With the boom reflected in the three critical areas of immigration, baptisms and RCIA classes, landing a Latino – or, as it turned out, a fluent Anglo – has been the top priority of the auxiliary search from its very outset. On a context note, as the Hispanic appointee pool of future US bishops is almost always drawn from a national list, given a scenario that now sees the community comprising a near-majority of the nation's 70 million Catholics while claiming just 15 percent of Stateside priests, demand for a Latino prelate has overwhelmingly outstripped the available supply, a crunch that's not infrequently led to A-list battles over who receives one or another prospect.

With the move, Philadelphia – its Irish-dominated Establishment famously allergic to outsiders – remains the last major US diocese which has never received a bishop from a "minority" community, as well as the lone domestic outpost whose auxiliaries have only ever been chosen from within its own presbyterate. On another front, however, the traditional identikit of a Philly auxiliary – a priesthood mostly spent in the Chancery rungs – has been dispensed with for the first time since 1981, when then-Msgr Louis DeSimone was made the archdiocese's first bishop of Italian descent from a ministry completely rendered in parishes, where the legendary pastor – still spry and active at 94 – remained for the duration of his active days.

Along these same lines, between Deliman's lack of an office background and the demand he'll face to be present among overflowing communities which span the field from the city's core to the rural, agrarian edges of the five counties, the shape of the bishop-elect's portfolio upon his 18 August ordination remains unclear and will largely be his to determine. For the time being, the appointee will remain as pastor at Bensalem, where his efforts to pull off a challenging 2013 merger of Latino and Anglo churches were tracked by CNN in the run-up to September's papal visit.

At the time, today's pick put the reality of things this way: "The face of our Church is changing. The face of our nation is changing. The face of this parish is changing."

And so, this 65th anniversary of the death of the first Philadelphia cardinal – Dennis Dougherty, the native son who reigned in omnipotent glory for 33 years – brings yet another turning of the page, and with it a different age's palpable sign that, going forward, the way "things have always been" is largely no more again.

* * *
On the wider docket, today's nod is one of several long-pending auxiliary files tipped to be filled either by the end of the "Vatican year" in late June, or shortly after the Curia returns from its summer hiatus: other dioceses awaiting new assistant hats include Baltimore, Houston, Miami and Orange, the latter three sees understood to require a specialized "type" of nominee to fill specific needs.

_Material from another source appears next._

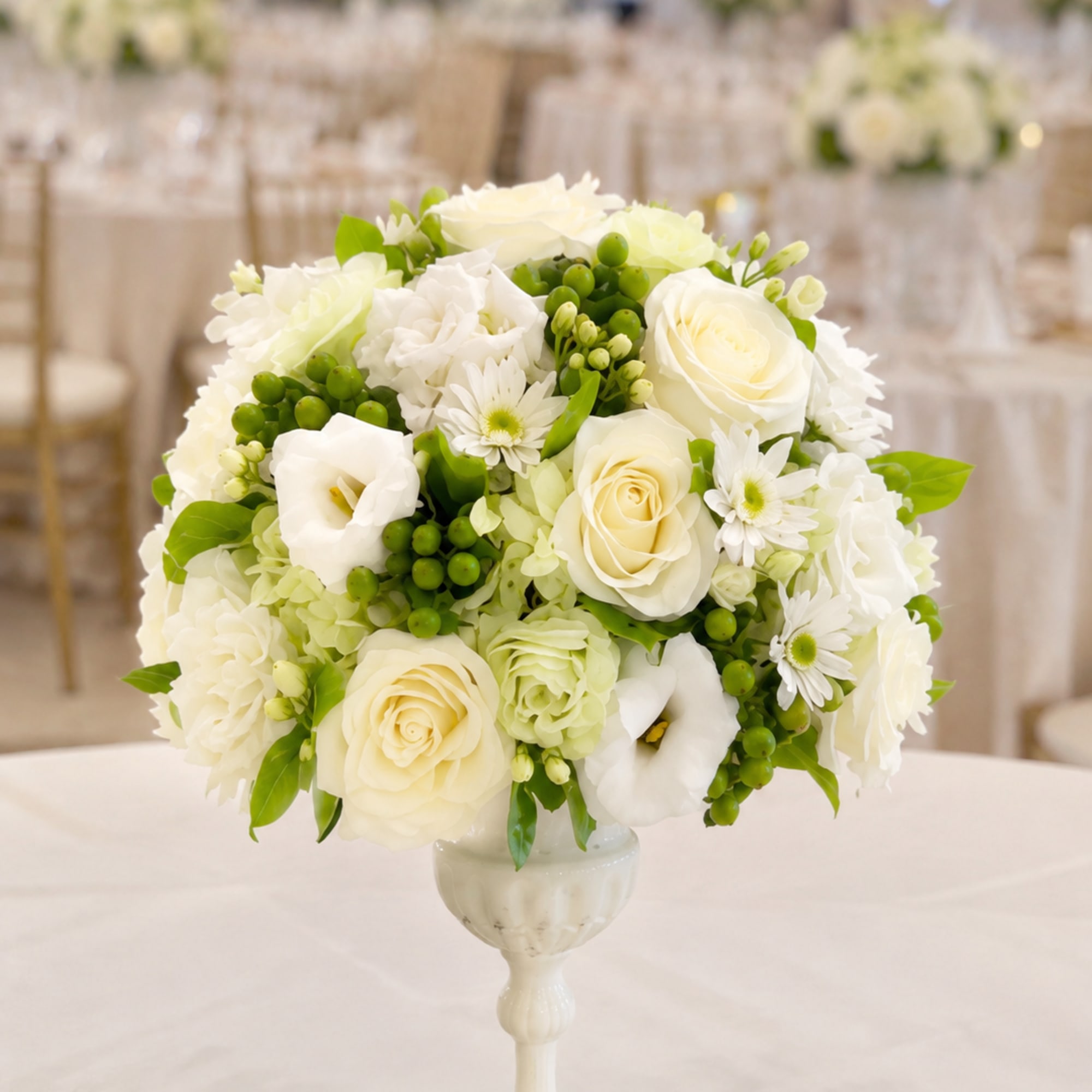 White floral arrangement in a pedestal vase with green accents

As previously noted, with Archbishop Christophe Pierre soon to arrive in Washington to begin his mandate as Nuncio to the US, some added delays are likely as the Frenchman familiarizes himself both with the existing files and the lay of the land, all the more amid the impending moves on the all-important Eastern trio of Rockville Centre, Arlington and Newark, each formidable in numbers and influence, and all practically certain to go to existing bishops, which will set off a chain reaction to fill the seats they've left behind.